▶ **Your task**:
Your answer must be only the lines below from the one containing "So you can store" through the one containing "Well everyone, that's", copied exactly, with the pictures left out.

▶ **Data**:
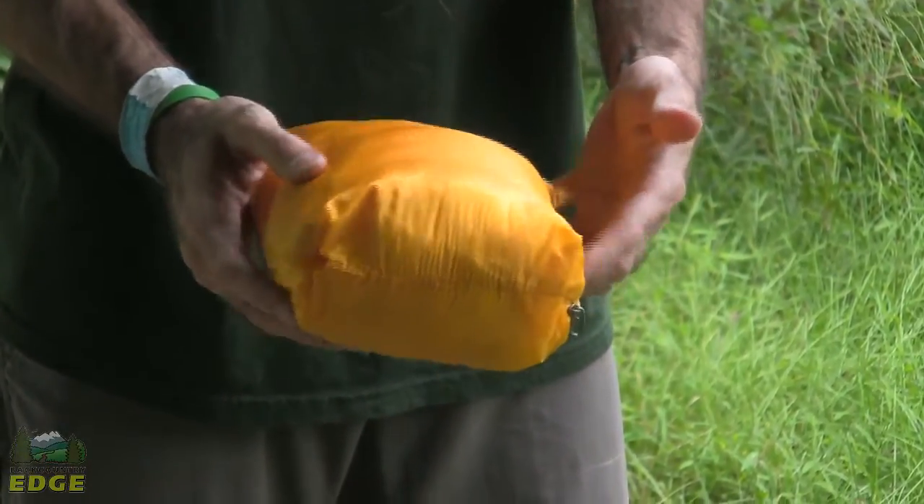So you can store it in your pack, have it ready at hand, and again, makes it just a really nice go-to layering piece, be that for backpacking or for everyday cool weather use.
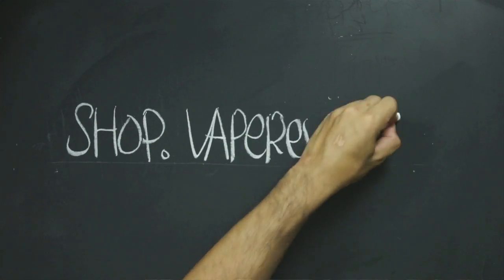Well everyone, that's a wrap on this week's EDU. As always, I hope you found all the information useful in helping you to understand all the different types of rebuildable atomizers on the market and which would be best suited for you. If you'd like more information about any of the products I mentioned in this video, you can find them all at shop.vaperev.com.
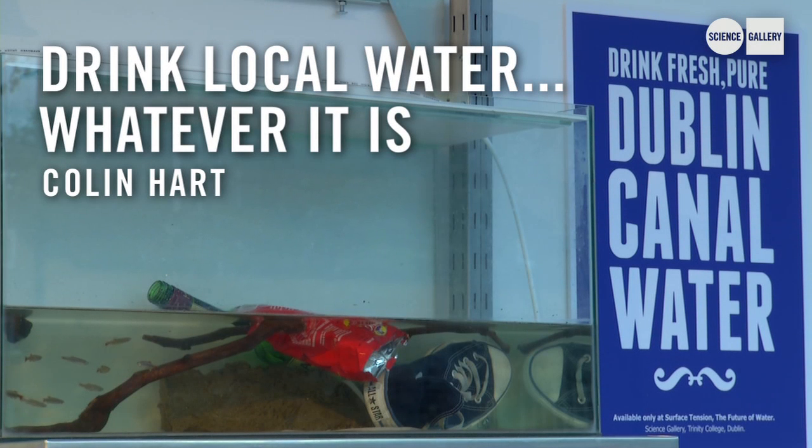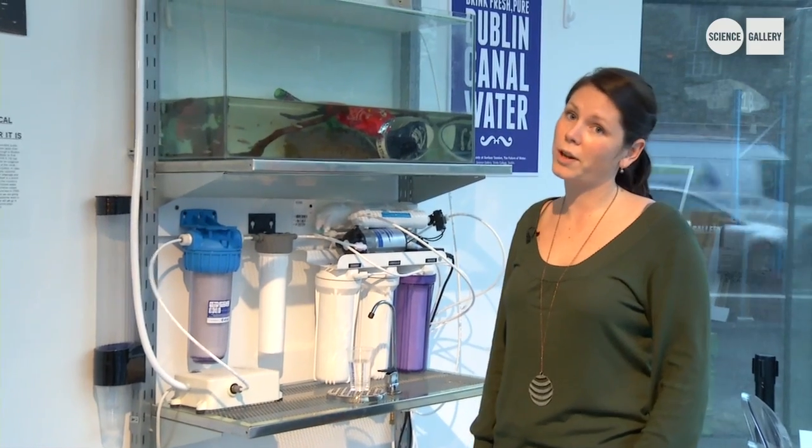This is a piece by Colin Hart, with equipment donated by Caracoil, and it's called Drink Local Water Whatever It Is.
* * *
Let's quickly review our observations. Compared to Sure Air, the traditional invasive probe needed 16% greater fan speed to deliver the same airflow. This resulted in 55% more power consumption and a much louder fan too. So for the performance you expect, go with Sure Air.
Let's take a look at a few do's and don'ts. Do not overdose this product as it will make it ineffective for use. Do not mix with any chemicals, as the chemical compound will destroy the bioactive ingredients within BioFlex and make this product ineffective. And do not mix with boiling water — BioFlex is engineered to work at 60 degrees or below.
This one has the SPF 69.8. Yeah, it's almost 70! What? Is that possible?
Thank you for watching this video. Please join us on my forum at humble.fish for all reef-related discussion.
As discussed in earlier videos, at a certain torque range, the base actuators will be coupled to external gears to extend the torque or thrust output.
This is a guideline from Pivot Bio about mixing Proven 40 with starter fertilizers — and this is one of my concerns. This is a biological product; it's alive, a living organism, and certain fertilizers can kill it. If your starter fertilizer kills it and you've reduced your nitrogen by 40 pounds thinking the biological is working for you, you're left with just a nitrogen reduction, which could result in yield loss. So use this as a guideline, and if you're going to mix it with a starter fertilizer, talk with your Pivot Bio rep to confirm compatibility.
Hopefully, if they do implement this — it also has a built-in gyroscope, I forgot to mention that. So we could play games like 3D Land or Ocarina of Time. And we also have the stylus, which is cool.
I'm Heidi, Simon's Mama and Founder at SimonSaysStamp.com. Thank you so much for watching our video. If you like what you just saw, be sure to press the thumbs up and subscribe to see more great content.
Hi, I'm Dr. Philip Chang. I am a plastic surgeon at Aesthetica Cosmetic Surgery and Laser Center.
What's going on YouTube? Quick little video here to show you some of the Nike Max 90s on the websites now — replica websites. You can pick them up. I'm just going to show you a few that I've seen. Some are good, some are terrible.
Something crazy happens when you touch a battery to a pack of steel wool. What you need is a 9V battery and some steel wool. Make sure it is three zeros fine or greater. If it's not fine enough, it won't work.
---
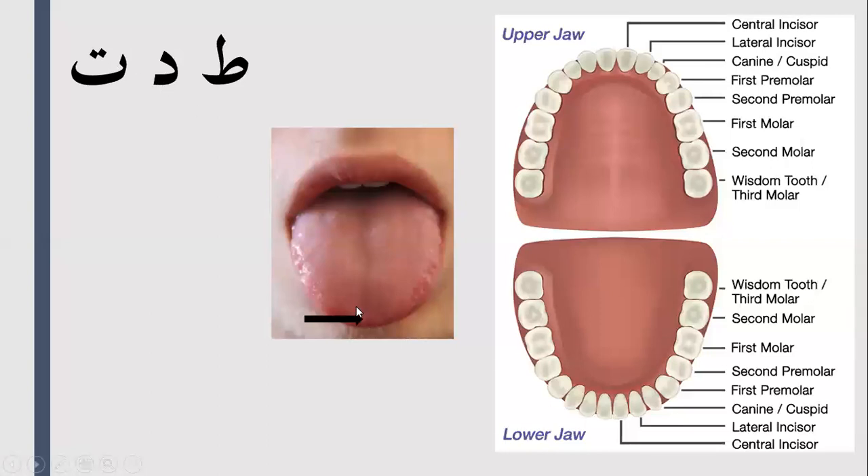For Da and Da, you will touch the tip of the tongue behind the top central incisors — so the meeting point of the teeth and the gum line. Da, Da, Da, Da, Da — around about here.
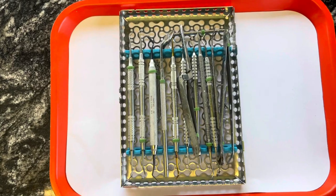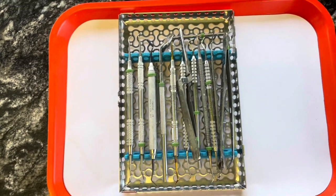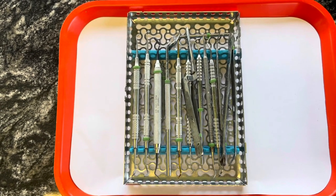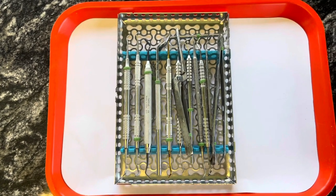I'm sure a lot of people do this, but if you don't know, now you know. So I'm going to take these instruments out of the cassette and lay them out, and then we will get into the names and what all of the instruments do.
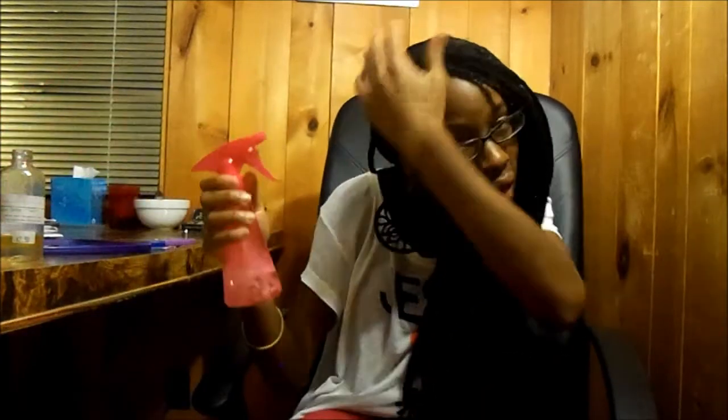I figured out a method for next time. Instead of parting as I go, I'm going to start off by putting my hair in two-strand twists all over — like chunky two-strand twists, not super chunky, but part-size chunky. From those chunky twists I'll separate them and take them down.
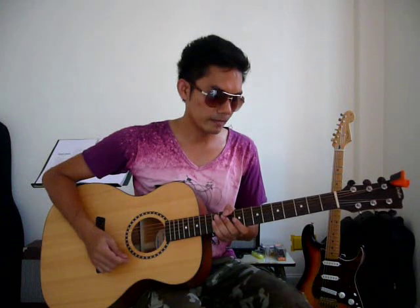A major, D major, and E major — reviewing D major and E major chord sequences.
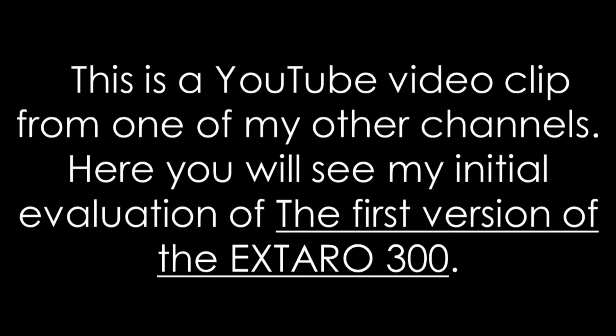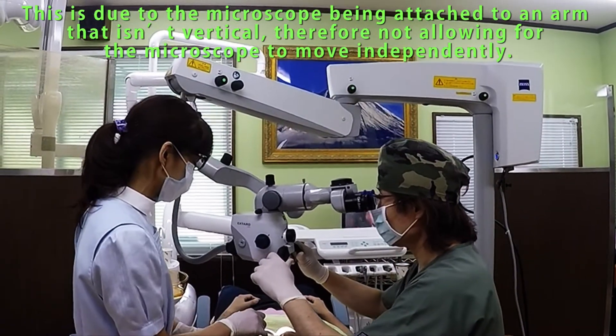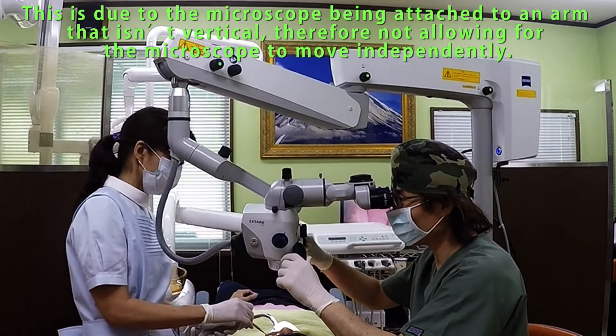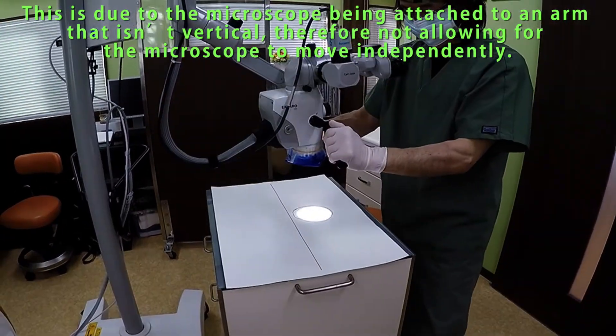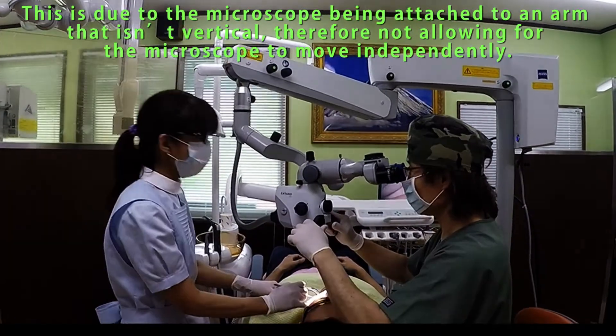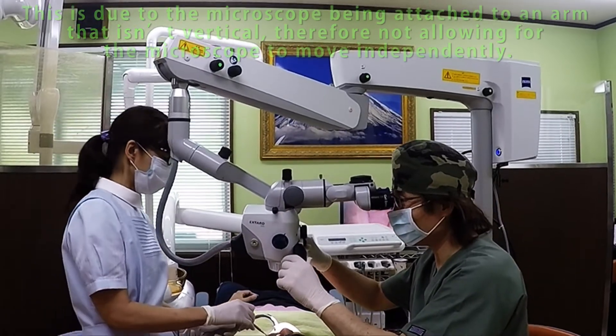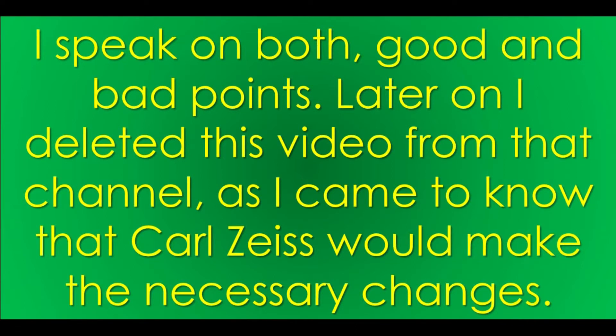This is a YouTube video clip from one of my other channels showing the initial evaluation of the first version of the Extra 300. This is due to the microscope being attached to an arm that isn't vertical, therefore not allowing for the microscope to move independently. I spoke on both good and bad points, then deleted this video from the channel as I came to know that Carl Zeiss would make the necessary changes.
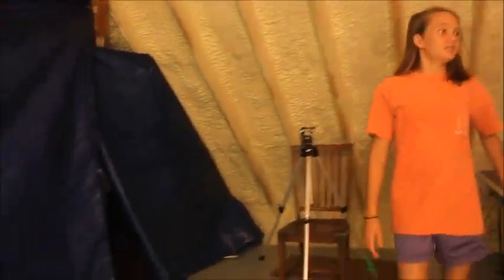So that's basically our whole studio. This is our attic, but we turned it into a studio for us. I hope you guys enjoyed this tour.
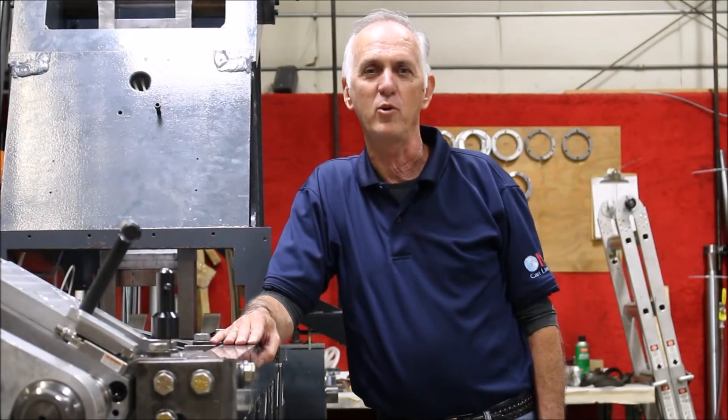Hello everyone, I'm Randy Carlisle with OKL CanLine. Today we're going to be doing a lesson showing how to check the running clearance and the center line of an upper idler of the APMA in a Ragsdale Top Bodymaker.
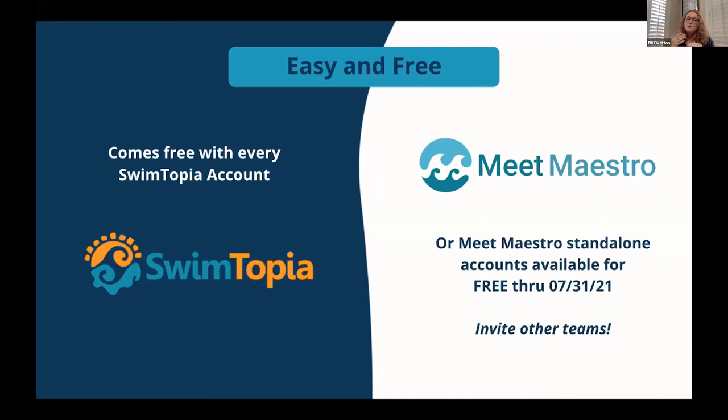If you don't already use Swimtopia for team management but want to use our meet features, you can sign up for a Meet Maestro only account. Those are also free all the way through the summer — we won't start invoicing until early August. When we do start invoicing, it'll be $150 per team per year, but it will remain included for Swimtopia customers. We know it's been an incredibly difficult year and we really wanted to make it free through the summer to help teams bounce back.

▶ **Reply**:
So you can store it in your pack, have it ready at hand, and again, makes it just a really nice go-to layering piece, be that for backpacking or for everyday cool weather use.
Well everyone, that's a wrap on this week's EDU. As always, I hope you found all the information useful in helping you to understand all the different types of rebuildable atomizers on the market and which would be best suited for you. If you'd like more information about any of the products I mentioned in this video, you can find them all at shop.vaperev.com.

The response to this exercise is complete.